The responsibility to protect (RtoP or R2P) is a norm or set of principles based on the idea that sovereignty is not a privilege, but a responsibility. RtoP focuses on preventing and halting four crimes: genocide, war crimes, crimes against humanity, and ethnic cleansing.[1] The responsibility to protect can be thought of as having three parts.

1. A State has a responsibility to protect its population from genocide, war crimes, crimes against humanity and ethnic cleansing (mass atrocities).
2. If the State is unable to protect its population on its own, the international community has a responsibility to assist the state by building its capacity. This can mean building early-warning capabilities, mediating conflicts between political parties, strengthening the security sector, mobilizing standby forces, and many other actions.
3. If a State is manifestly failing to protect its citizens from mass atrocities and peaceful measures are not working, the international community has the responsibility to intervene at first diplomatically, then more coercively, and as a last resort, with military force.

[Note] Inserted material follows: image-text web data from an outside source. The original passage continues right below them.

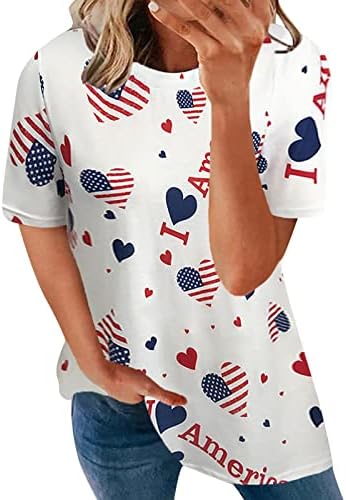 Patriotske košulje za žene u SAD-u zastava majica casual ljetni vrhovi kratkih rukava kratkih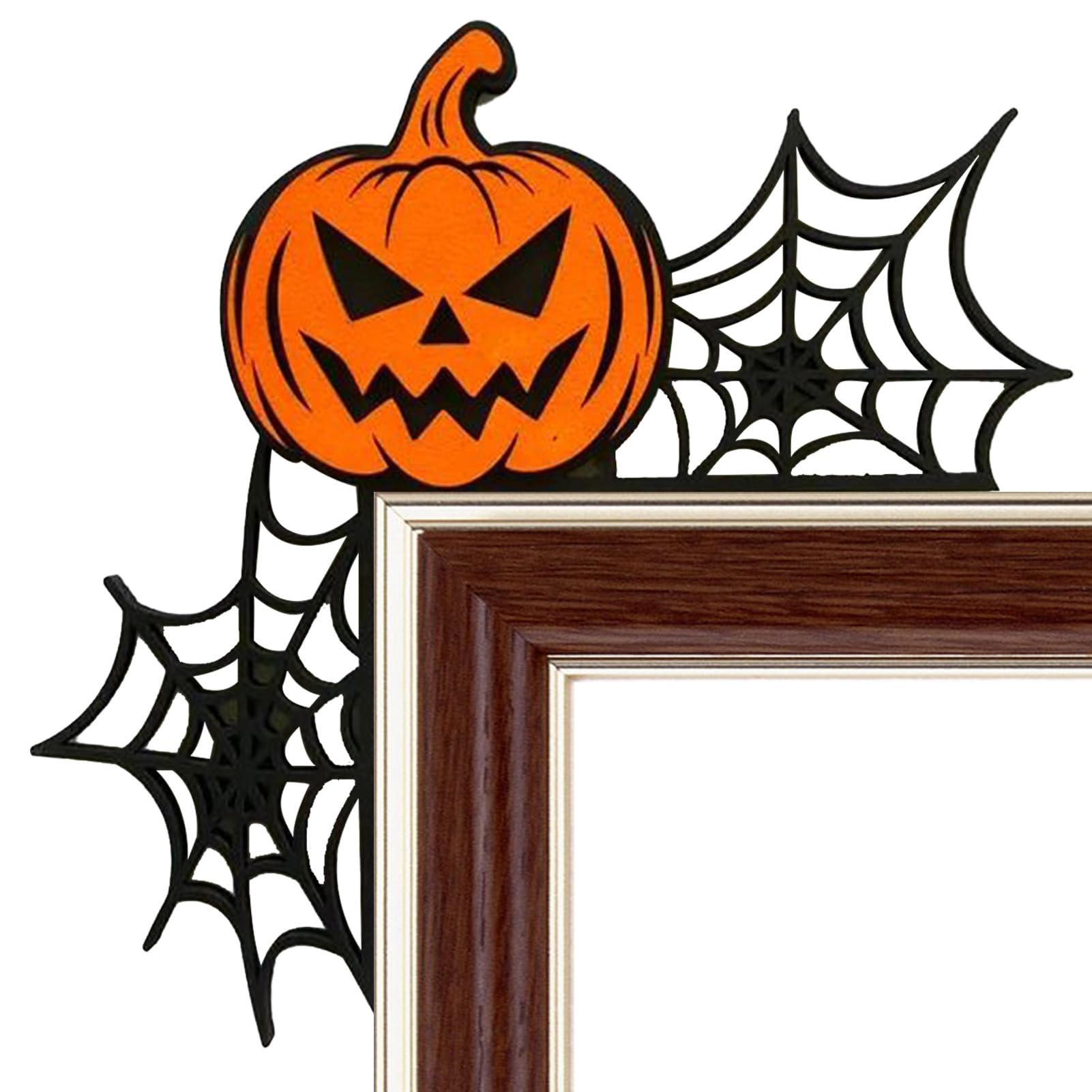 Décoration d'angle de porte d'Halloween en bois sculpté design con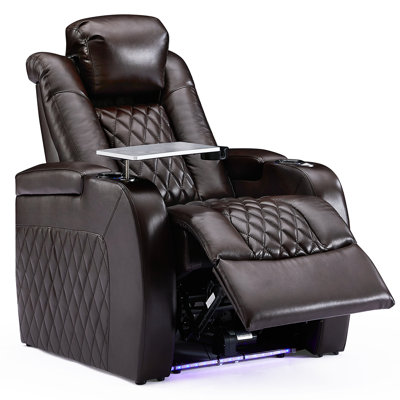 Jorgia Leather Home Theater Seat with Cup Holder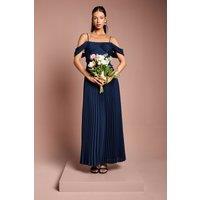 Coast Women's Bardot Pleated Maxi Bridesmaid Dress in Navy | Size: 12
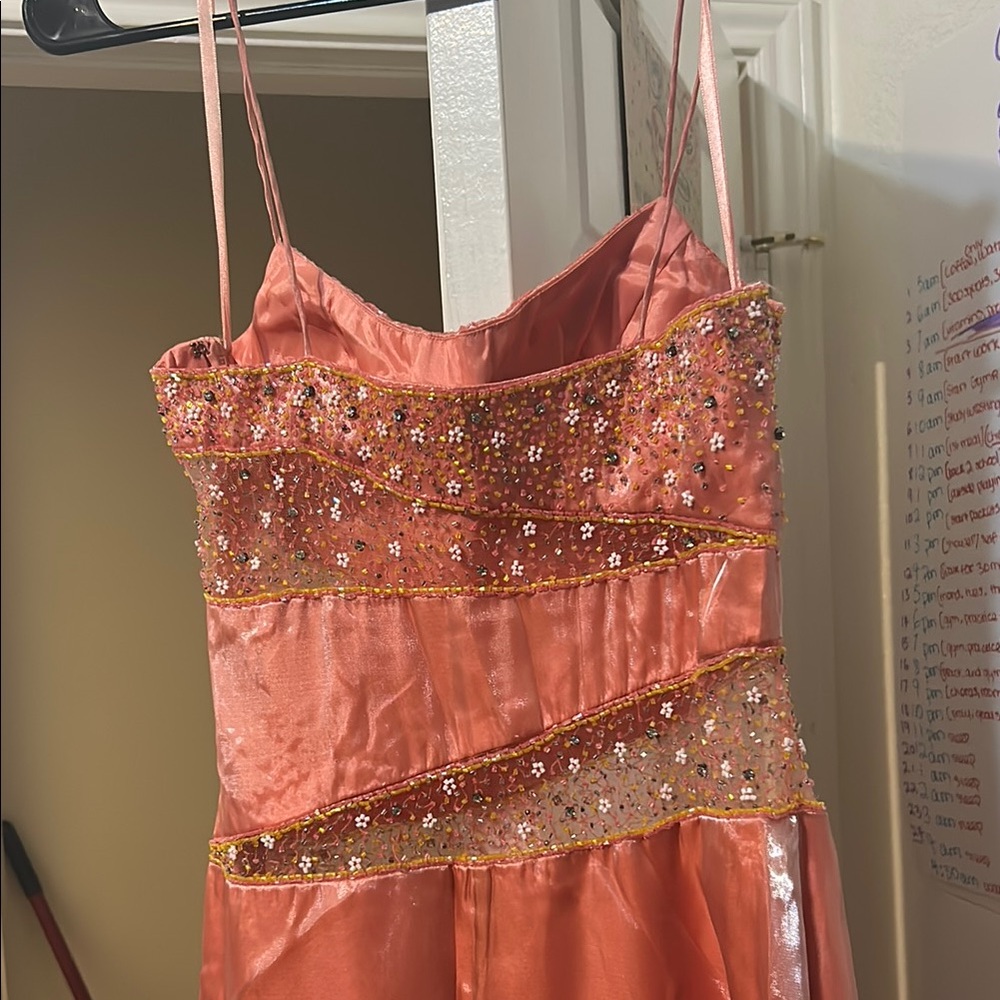 Coral Beaded Evening Dress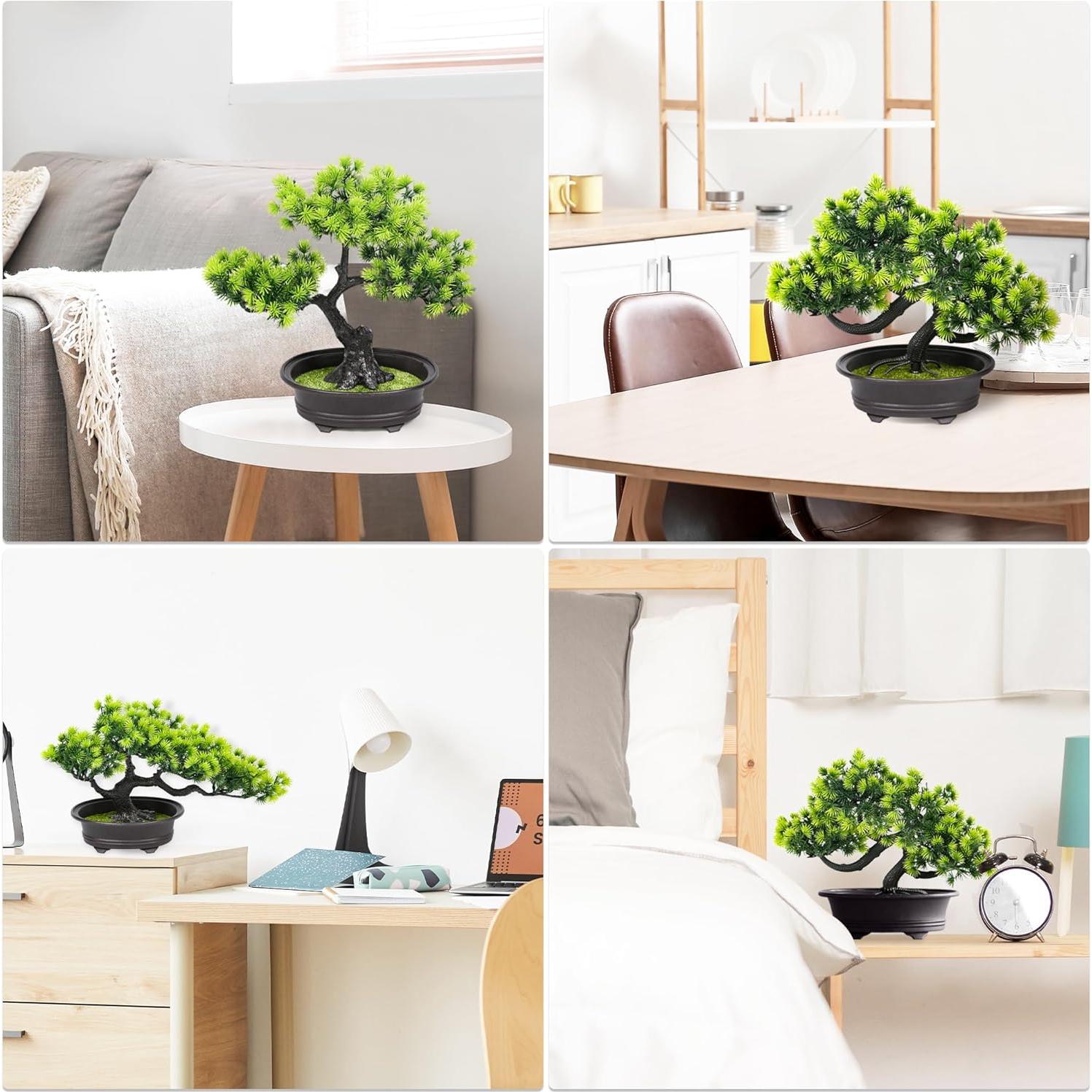 Árbol Bonsái Artificial CELESER 3 Macetas Decoración Interior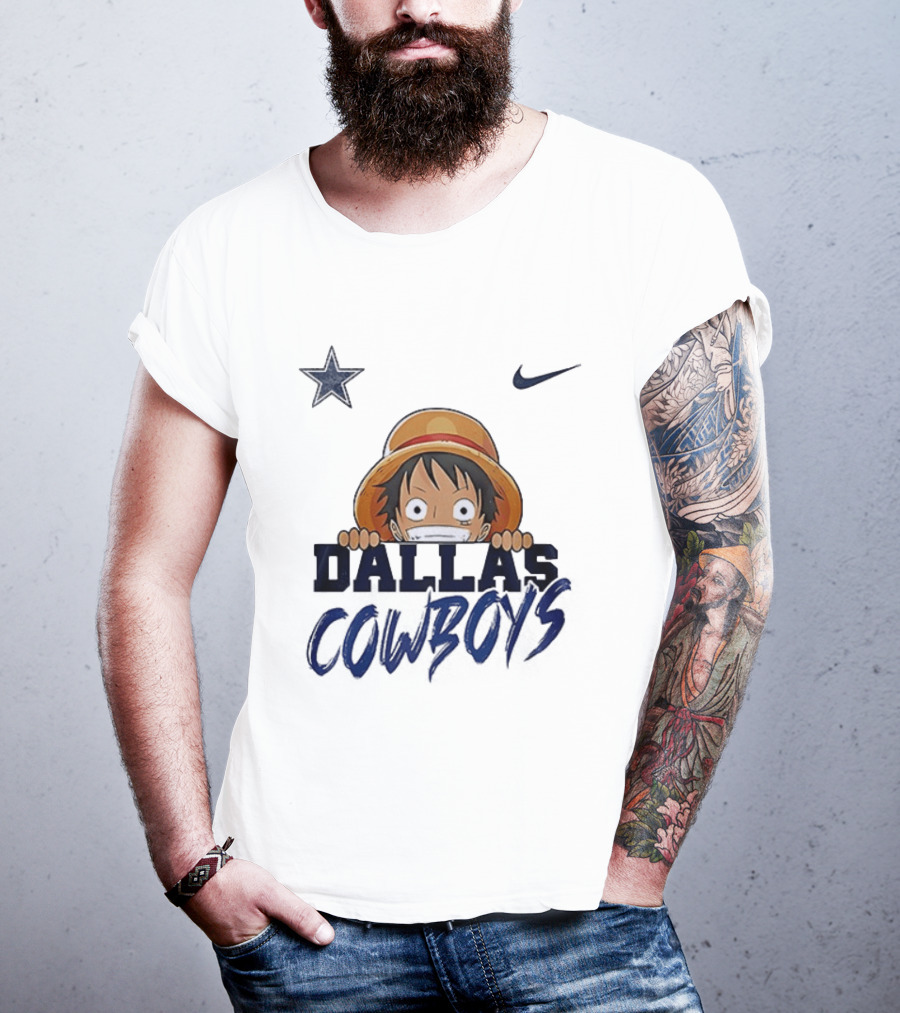 Dallas Cowboys One Piece Monkey D Luffy Nike Collaboration T-Shirt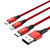 UNITEK C4049RD cable USB 1,2 m USB A USB C/Micro-USB B/Lightning Rojo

Assuming that the US fails to heed Jimmy Carter’s advice and is indeed guilty of a human rights violation, which of the following courses of action are indicated?

  1. Right thinking states should apply to the Security Council to impose sanctions on the United States to force food aid to be delivered to Pyongyang;
  2. If no response is forthcoming, the UN should authorize the US Armed Forces to bomb Washington to protect the North  Koreans.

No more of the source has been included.